Flip through any media covering the latest startup world; it is not hard to assume what is considered "success" in this space. Firms that can achieve massive growth, general excitement from investors for further investment, and leverage additional resources for further development are the poster boys of the industry. Logically, such media coverage focuses on how growth enables scale, which in turn allows certain products and services offered by such successful firms to fulfill thus-far untapped needs of customers worldwide, introduce new conveniences, and improve lives.

For many products and services out there, such a growth-oriented mindset is broadly positive. A good product can often be utilized by many without widespread adoption harming other users. In fact, greater use of certain products by many would create positive externalities, with cheaper prices and greater knowledge spurring further innovation. The internet and the smartphone, for instance, are clear recent examples of such a network effect. The more people that use them, the more each individual user benefits from more information, more functionalities, and lower cost to access.

However, elite education is not a product that follows this logic of more scale leading to more benefits. Here, "elite" can be most crudely defined as access to limited spots in the world's best educational institutions, especially at the university level. As noted in a previous post, such an elite education, by design, strives for exclusivity and high quality by limiting access to the selected few. Harvard, for instance, would not simply increase its number of students by ten times if the number of applicants increase by a factor of ten. The school's reputation is too much at stake to pursue such simple math.

The limiting nature of elite education, then, poses a dilemma for a startup seeking to grow by selling a proposition that many more people can access elite education. On one hand, it is certainly a noble goal that more students from around the world see applying to and going to Harvard as a realistic goal with the support of knowledgeable experts who can prod them along the right path. On the other hand, the likes of Harvard should be justifiably skeptical that meteoric growth of educational service providers can be possible when the universities themselves have no plan to grow in tandem.

More fundamentally and philosophically, fast growth and the eliteness of education can be considered mutually exclusive concepts. After all, if any plebian with a handful of cash can access experts who can help them get into Harvard, then a Harvard degree may be so cheapened that it would not be worth it in the first place. An elite education is considered a valuable asset for future employment and beyond because only a few people can acquire it. Democratizing the process risk the very value, in professional development and personal prestige, that the likes of Harvard provide in the first place.

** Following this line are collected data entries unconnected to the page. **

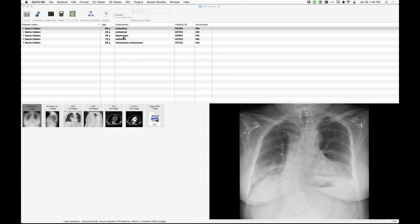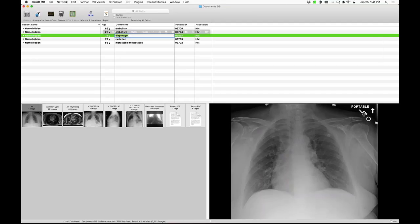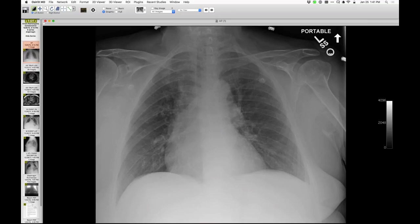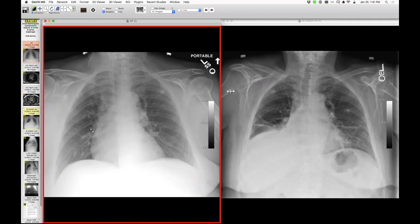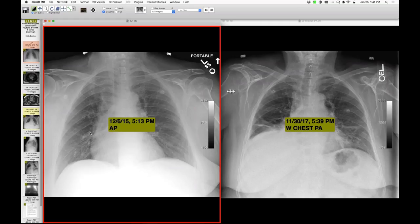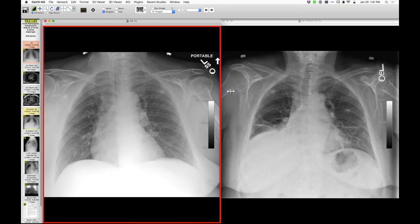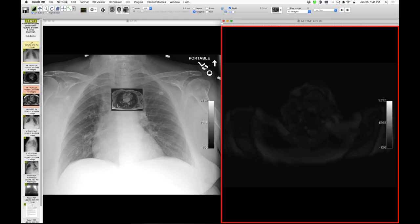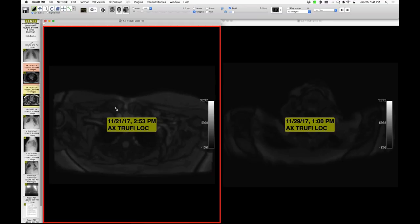Showing two images of the chest — the time between them is eight days. There's a new finding on the MRI of the heart: abnormality in the right hemithorax. There is a little pleural fluid, the diaphragm is elevated, and there is opacity consistent with atelectasis — a new finding between the two exams.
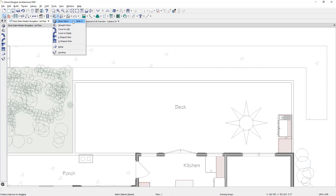It's the same process inside the house. If you use the stair tool, the stairs will automatically connect between the platforms. In the case of the deck, I can either use the draw stairs or the straight stair tool — both will work the same way.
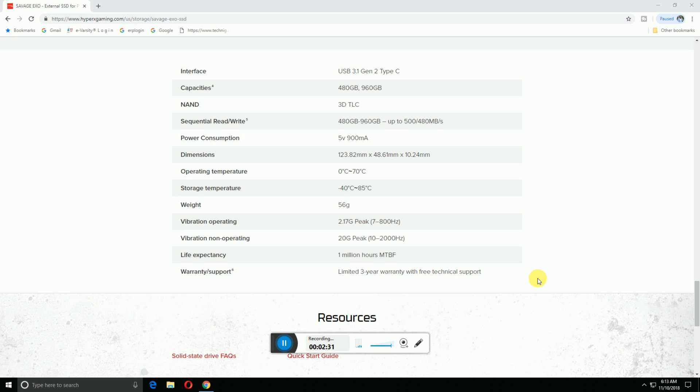Operating temperature: 0 to 70 degrees Celsius. Storage temperature: -40 degrees Celsius to 85 degrees Celsius. Weight is 56 grams. Vibration operating: 2.17Gp, 7Hz to 800MHz. Vibration non-operating: 20Gp, 10Hz to 2000Hz.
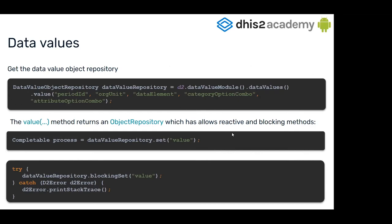Data values. For data values, we have this object repository. It's not a collection repository this time where you can access all the values. It's an object repository for only one value. You can access it from the data value module, go to the data values repository, which is a collection repository. But when you enter dot value, you're asking for the object repository.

What is more, while fast growth erodes the exclusivity of an elite education, each individual student may gain little from the growth. After all, each student has limited time, attention span, and space to appeal to universities why s/he is more suited than others for a coveted place on the roster. An educational service provider that is ten times bigger may have more resources that a student can utilize. But both the students receiving help and the mentors assisting them certainly cannot be expected to do ten times the classes, activities, and preparation, in either quality or quantity, in that same amount of prep time.

If anything, fast growth can encourage a greater sense of disillusion that elite education is becoming ever more unreachable, requiring ever more investments in time, money, and effort, for diminishing returns. With ten times more students, every student will face a greater likelihood that s/he is similar to someone else who is applying, no matter how much effort is placed into creating a sense of unique values particular only to an individual. Sensing the mounting pressure for an increasingly elusive goal, many can lose motivation and abandon the goal even before embarking on the journey of acquiring an elite education.

It is easy to say that elite education ought to be provided just to those who are ready to strive, motivated to think bigger, and already have the intelligence to keep up. But as fast growth brings educational opportunities to the doorsteps of more and more students, just how many such "already ready" students are there? And if fast growth is pursued to acquire many more customers and provide them with top-level services, then it is also not possible to turn away potential clients just because they do not fit the elite education profile at first sight. The conundrum of elite education and fast growth needs more thorough thinking.